A first complete catalog of highly expressed genes in eight chicken tissues reveals uncharacterized gene families specific for the chicken testis
Résumé
Based on next-generation sequencing, we established a repertoire of differentially overexpressed genes (DoEGs) in eight adult chicken tissues: the testis, brain, lung, liver, kidney, muscle, heart, and intestine. With 4,499 DoEGs, the testis had the highest number and proportion of DoEGs compared with the seven somatic tissues. The testis DoEG set included the highest proportion of long noncoding RNAs (lncRNAs; 1,851, representing 32% of the lncRNA genes in the whole genome) and the highest proportion of protein-coding genes (2,648, representing 14.7% of the protein-coding genes in the whole genome).
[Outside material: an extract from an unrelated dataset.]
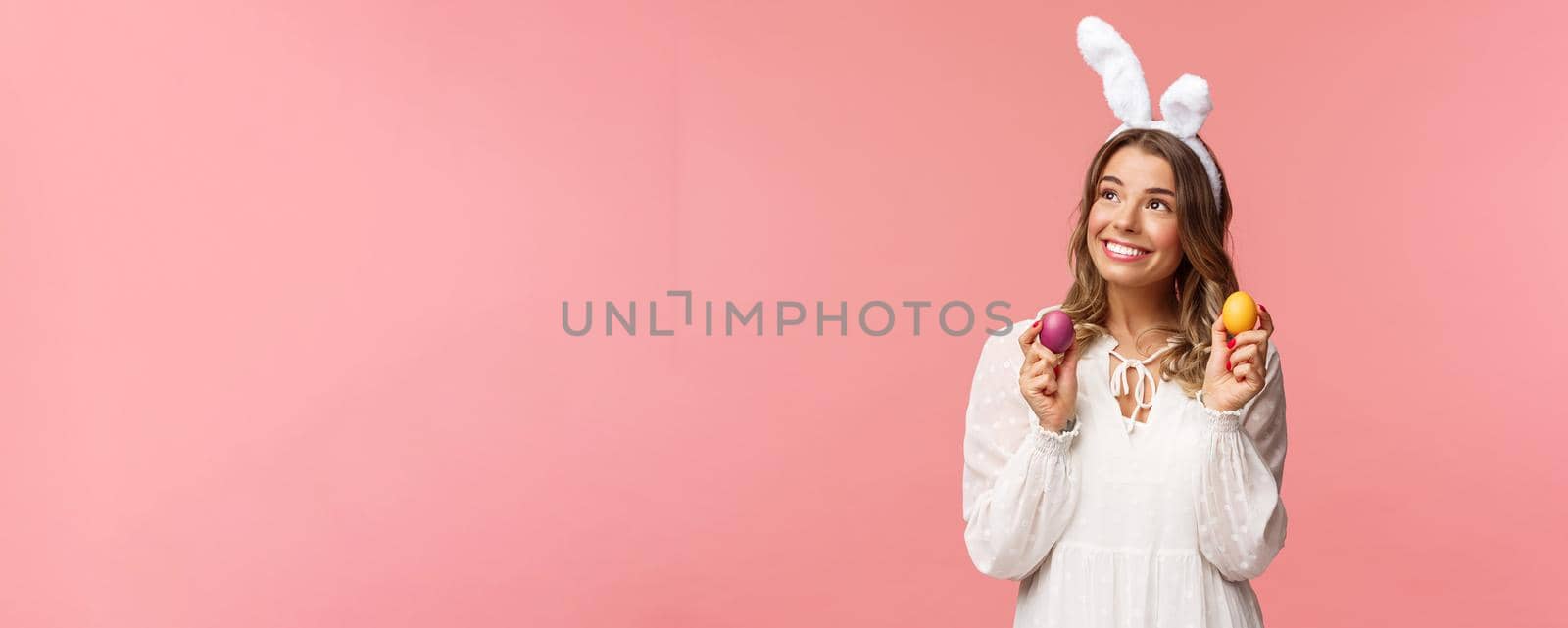 Holidays, spring and party concept. Portrait of dreamy, tender young blond girl feeling happy, celebrating religious day, holy Easter, wear rabbit ears and white dress, hold painted eggs, look away.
The main significantly enriched Gene Ontology terms related to the protein-coding genes were "reproductive process," "tubulin binding," and "microtubule cytoskeleton." Using real-time quantitative reverse transcription-polymerase chain reaction, we confirmed the overexpression of genes that encode proteins already described in chicken sperm [such as calcium binding tyrosine phosphorylation regulated (CABYR), spermatogenesis associated 18 (SPATA18), and CDK5 regulatory subunit associated protein (CDK5RAP2)] but whose testis origin had not been previously confirmed. Moreover, we demonstrated the overexpression of vertebrate orthologs of testis genes not yet described in the adult chicken testis [such as NIMA related kinase 2 (NEK2), adenylate kinase 7 (AK7), and CCNE2]. Using clustering according to primary sequence homology, we found that 1,737 of the 2,648 (67%) testis protein-coding genes were unique genes. This proportion was significantly higher than the somatic tissues except muscle. We clustered the other 911 testis protein-coding genes into 495 families, from which 47 had all paralogs overexpressed in the testis. Among these 47 testis-specific families, eight contained uncharacterized duplicated paralogs without orthologs in other metazoans except birds: these families are thus specific for chickens/birds.